Jax Teller (Charlie Hunnam) was a complicated fella on FX's "Sons of Anarchy." As an important member of the criminal motorcycle gang SAMCRO, he had to make some big decisions that led to lots of people getting hurt. This was especially true after he became the president of the club following Clay's (Ron Perlman) departure, which caused even more problems for Jax and his crew. 

As the president of SAMCRO, Jax did terrible things that were difficult to ignore. Whether he was killing people who didn't deserve to die, or dragging his charter deeper into the criminal underworld, his behavior often pushed the limits of his antiheroism. Of course, it's long been said that great power comes with great responsibility, and Jax learned that the hard way. The SAMCRO leader arguably changed for the worse as time progressed on "Sons of Anarchy."

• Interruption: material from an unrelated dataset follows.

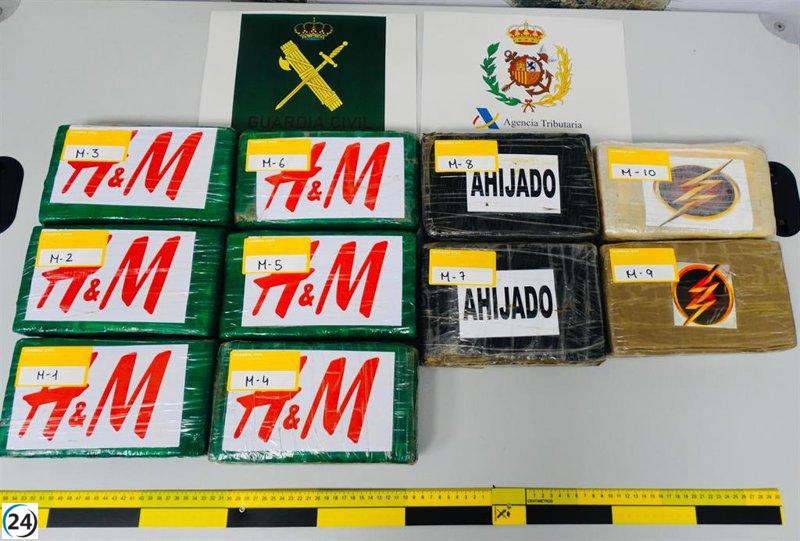 Arrestan en Ibiza a un sujeto con 10 kilos de cocaína en un camión de carga.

Still, while it's easy to focus on all of the drama he created, it's worth noting that Jax underwent some aesthetic changes after he became SAMCRO's president. They were just easy to overlook amid all of the carnage and chaos that took place on the FX series. 

Jax changed his clothes after becoming the president of SAMCRO

Throughout the first four seasons of "Sons of Anarchy," Jax typically wore white t-shirts underneath his leather kutte. Sometimes he'd throw on a hoodie to spice things up, but for the most part, he was all about the short-sleeved attire. While speaking to Huffington Post in 2015, Charlie Hunnam revealed that Jax's look was modeled after a real-life biker whom he befriended while doing research for the show, and he made it a point to honor his buddy on the series. 

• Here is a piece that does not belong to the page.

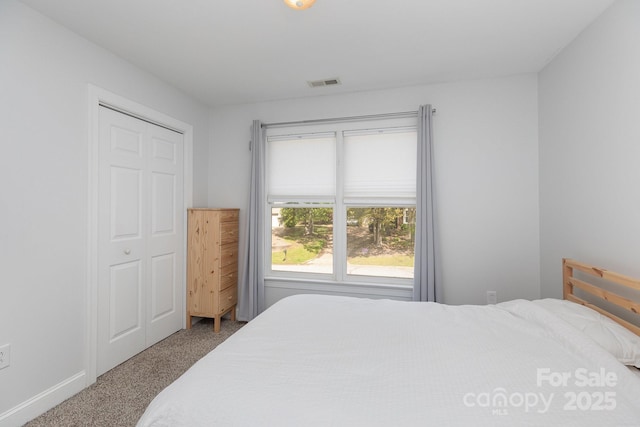 bedroom featuring baseboards, visible vents, and carpet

That said, most three-dimensional characters evolve to some extent, and Jax's growth as a character from Season 5 onward was reflected in his appearance. As soon as he accepted the SAMCRO leadership position, Jax started favoring long-sleeved flannels over t-shirts and hoodies.

It's never explained why Jax changed his style. However, the fact it coincided with his appointment as SAMCRO's president suggests that he wanted to be taken more seriously.